I feel like this little trip has changed my life in some way, although I have yet to put my finger on just how.
I met a lot of really nice people at the shows. Many dedicated Springsteen fans refer to themselves as the "E Street Nation" and, cheesey as it may be, there is something to that. There is a real community feeling, a pool of shared imagery and shared experiences. There is, often, a sense of the need to take care of one another; there are always charity efforts going on (in KC a group of fans put together a raffle and raised $1100 for a local food bank, an effort which garnered onstage thanks from Bruce himself), and many fans take care to watch out for one another on the general-admission floor -- you get out there a couple hours before the show starts, and if you've come alone, it's pretty easy to get someone to hold your spot for you while you dash to the restroom or get a drink of water.

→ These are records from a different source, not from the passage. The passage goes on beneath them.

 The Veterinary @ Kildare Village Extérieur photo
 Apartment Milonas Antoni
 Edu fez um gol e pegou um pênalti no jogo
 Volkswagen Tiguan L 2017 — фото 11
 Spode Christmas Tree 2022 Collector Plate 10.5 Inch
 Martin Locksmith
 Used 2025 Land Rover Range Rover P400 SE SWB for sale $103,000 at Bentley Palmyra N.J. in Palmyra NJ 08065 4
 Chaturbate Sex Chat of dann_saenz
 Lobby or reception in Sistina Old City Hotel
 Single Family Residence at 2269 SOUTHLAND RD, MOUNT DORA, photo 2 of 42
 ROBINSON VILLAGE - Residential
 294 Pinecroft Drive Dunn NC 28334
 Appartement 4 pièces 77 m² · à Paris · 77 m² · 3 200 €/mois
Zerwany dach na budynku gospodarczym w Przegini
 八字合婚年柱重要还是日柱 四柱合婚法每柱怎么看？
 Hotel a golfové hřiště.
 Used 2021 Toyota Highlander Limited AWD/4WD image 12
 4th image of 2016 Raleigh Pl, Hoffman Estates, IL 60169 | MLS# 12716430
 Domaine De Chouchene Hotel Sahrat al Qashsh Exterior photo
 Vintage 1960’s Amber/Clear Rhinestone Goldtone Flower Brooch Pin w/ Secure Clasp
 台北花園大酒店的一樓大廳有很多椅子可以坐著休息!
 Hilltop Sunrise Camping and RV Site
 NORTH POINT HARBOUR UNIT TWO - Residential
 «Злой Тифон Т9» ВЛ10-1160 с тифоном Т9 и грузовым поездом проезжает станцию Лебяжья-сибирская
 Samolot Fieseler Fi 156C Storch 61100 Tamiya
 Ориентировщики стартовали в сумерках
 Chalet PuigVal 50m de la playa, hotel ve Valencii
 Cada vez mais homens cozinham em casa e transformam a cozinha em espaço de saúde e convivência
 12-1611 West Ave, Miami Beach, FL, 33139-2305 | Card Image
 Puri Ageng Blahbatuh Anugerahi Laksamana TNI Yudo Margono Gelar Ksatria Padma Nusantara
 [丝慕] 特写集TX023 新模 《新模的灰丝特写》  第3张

One of the people I met emailed me to make sure I'd made it home safely.
There are a lot of things I want to write about, after this trip. It's going to take me a few days to wrap my mind around it all. It was about the music (and oh, how I need to remember that music is what saves my soul, over and over again) but it was about much more than that.
Kansas City was the last official show of the "Magic" tour. (The band is playing at HarleyFest in Milwaukee this Saturday night, but it may not be a full set, as there's an opening act and stuff. And Bruce himself said that KC was the last night of the tour.) There was a definite farewell feeling to it. A bunch of fans had made up small (just sheet of paper size) signs that simply said "Thank you!" on them, and coordinated a moment at the end of the show to hold them up; Bruce and the band were clearly very touched by this and it was such a sweet moment. (After all these years, you'd think it would come as no surprise, how we feel about this band. You'd think they would start to take it for granted. But I really don't think they do, and that's why it's so magical.)
The first encore began with "4th of July, Asbury Park (Sandy)," dedicated to Danny Federici -- the E Street Band organist/accordionist who died of melanoma this past April -- and to Terry Magovern, Bruce's personal assistant and close friend who died just over a year ago. I wept through the whole thing. It's been a long tour for this band, punctuated by too many funerals. It's not the same band it was a year ago when they kicked this thing off. It's not the same world it was a year ago. I can't imagine how exhausted they must be, physically and emotionally. And yet they gave us their absolute all, night after night after night. Just amazing.
For the final encore, Bruce sang a sweet, tender version of "Save the Last Dance for Me" -- not a song that's normally found on their setlist -- that roared into a loose, rollicking rendition of "Dancing in the Dark" and then a purely celebratory "Rockin' All Over the World." And then one final bow, as Bruce thanked us for supporting the tour, supporting the "Magic" album, and supporting the music for all these years. He thanked the E Street Nation by name, and for some reason that was tremendously touching to me.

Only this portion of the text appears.